>>>>>

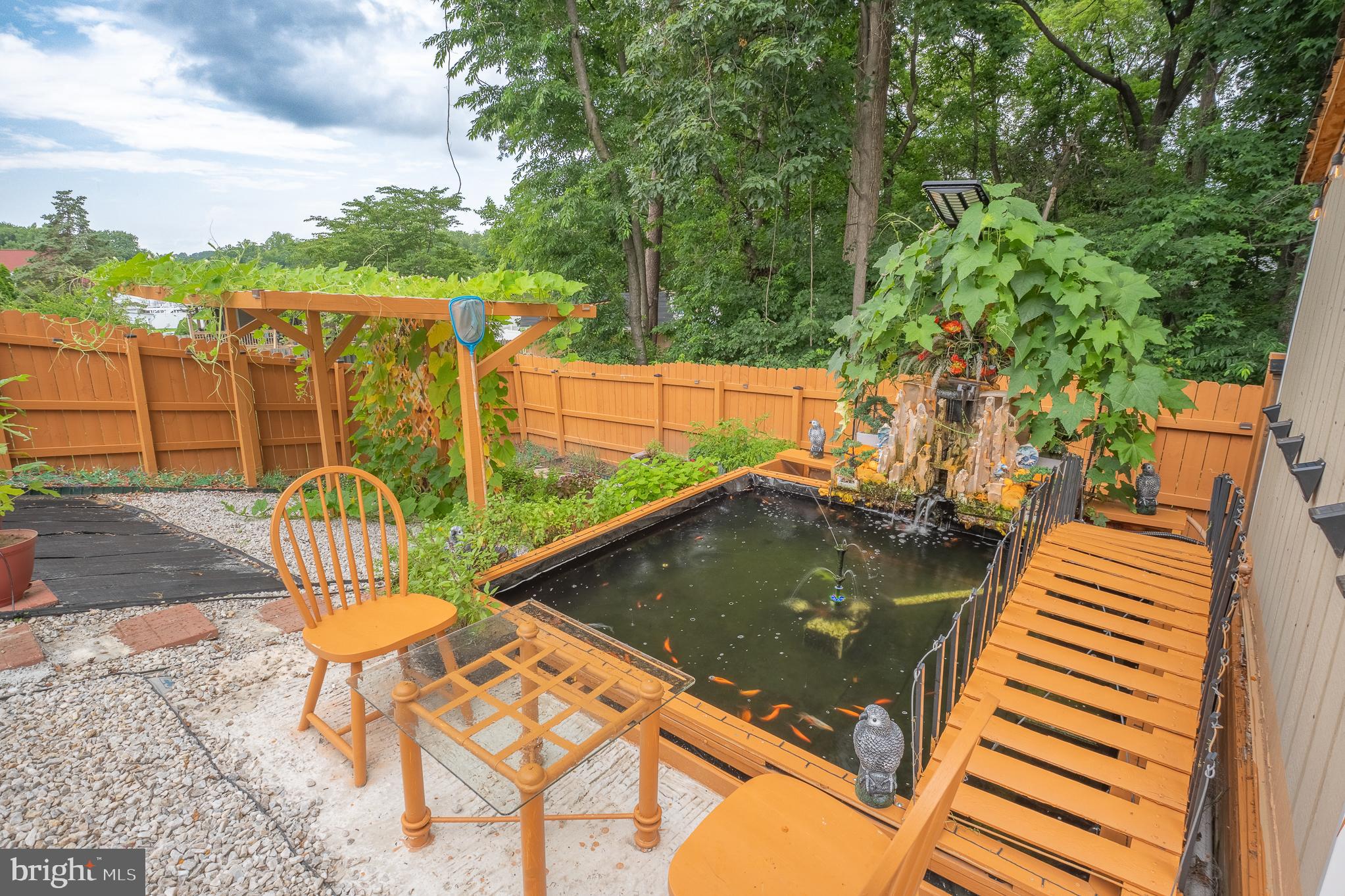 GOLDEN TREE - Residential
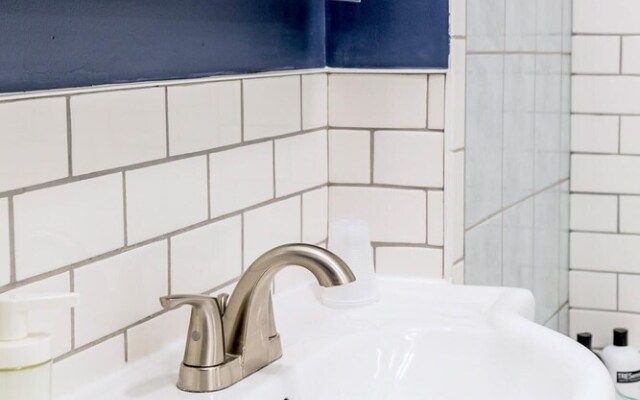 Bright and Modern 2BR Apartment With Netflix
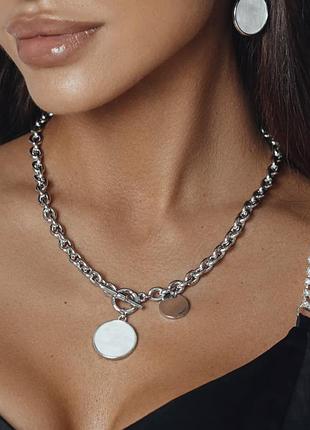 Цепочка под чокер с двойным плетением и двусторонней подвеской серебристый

<<<<<
>>>>>

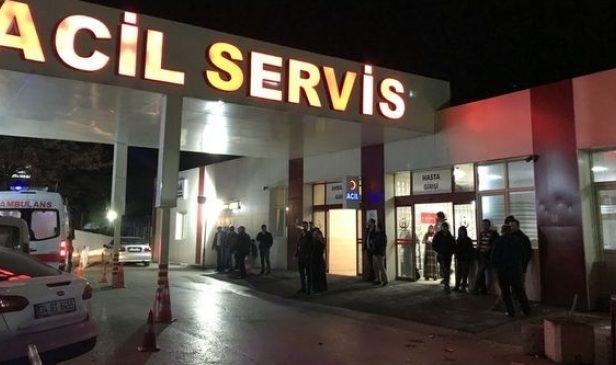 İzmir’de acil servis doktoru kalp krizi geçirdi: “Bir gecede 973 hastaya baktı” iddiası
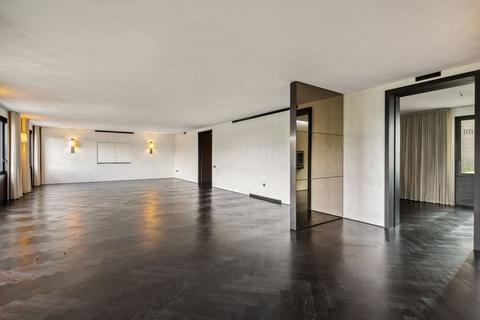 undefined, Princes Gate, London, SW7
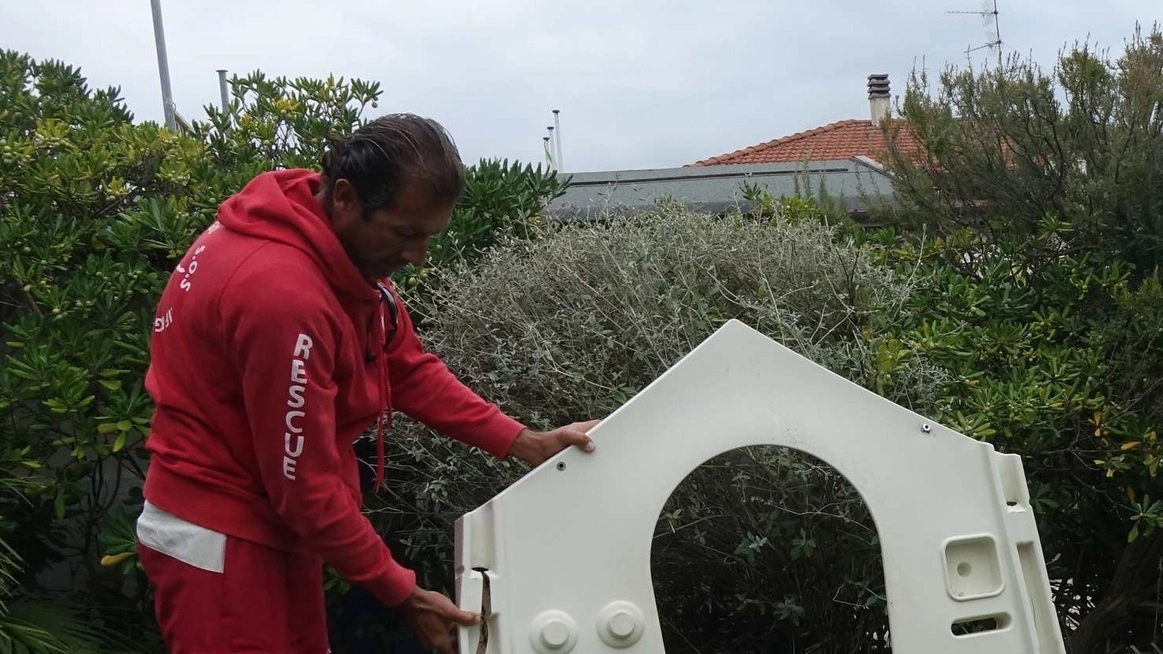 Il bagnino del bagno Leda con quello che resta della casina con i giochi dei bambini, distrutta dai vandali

<<<<<

## Assigned task
For the data above, set down exactly the lines from the line with "GOLDEN TREE - Residential" to the line with "Цепочка под чокер", both included, leaving pictures out.

## Output of the exercise
 GOLDEN TREE - Residential
 Bright and Modern 2BR Apartment With Netflix
 Цепочка под чокер с двойным плетением и двусторонней подвеской серебристый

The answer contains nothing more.